Serb leader’s secession policy threatens Bosnia settlement, says peace envoy

The secessionist policy of Bosnian Serb leader Milorad Dodik is a key challenge to the political settlement that ended Bosnia’s 1992-1995 ethnic war, international peace envoy Christian Schmidt said in an interview on Wednesday.

Dodik, who is president of the autonomous Serb Republic, has long advocated the secession of the Serb-dominated region from Bosnia.

“He is not accepting Bosnia and Herzegovina, he gives a spin which is absolutely wrong,” said Schmidt, a former German government minister who acts as international High Representative, tasked with civilian implementation of the 1995 Dayton peace accords.

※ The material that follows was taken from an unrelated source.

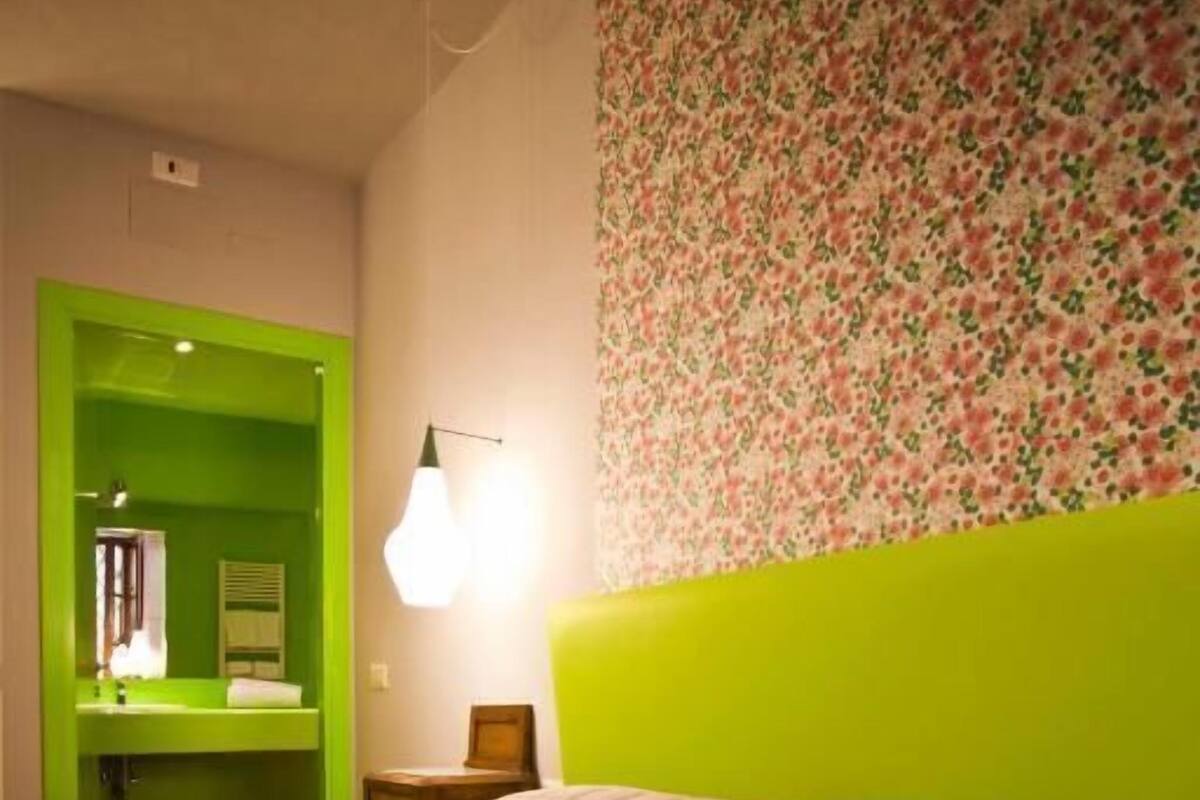 A room with a green door leading to a bathroom, a bed with a quilted cover, and a wall with a floral pattern.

“This is a danger,” said Schmidt, who as High Representative is also the ultimate interpreter of the peace accords with powers to impose laws and sack officials seen as obstructing peace.

The Dayton accords divided the country – where 100,000 people were killed during the three-and-a-half year war – into two autonomous regions, the Serb Republic and the Bosniak-Croat Federation, linked via a weak central government.

Dodik was charged in August by the state prosecutors with defying decisions by Schmidt, after he had signed two laws that Schmidt had revoked for violating the constitution and the terms of the peace deal.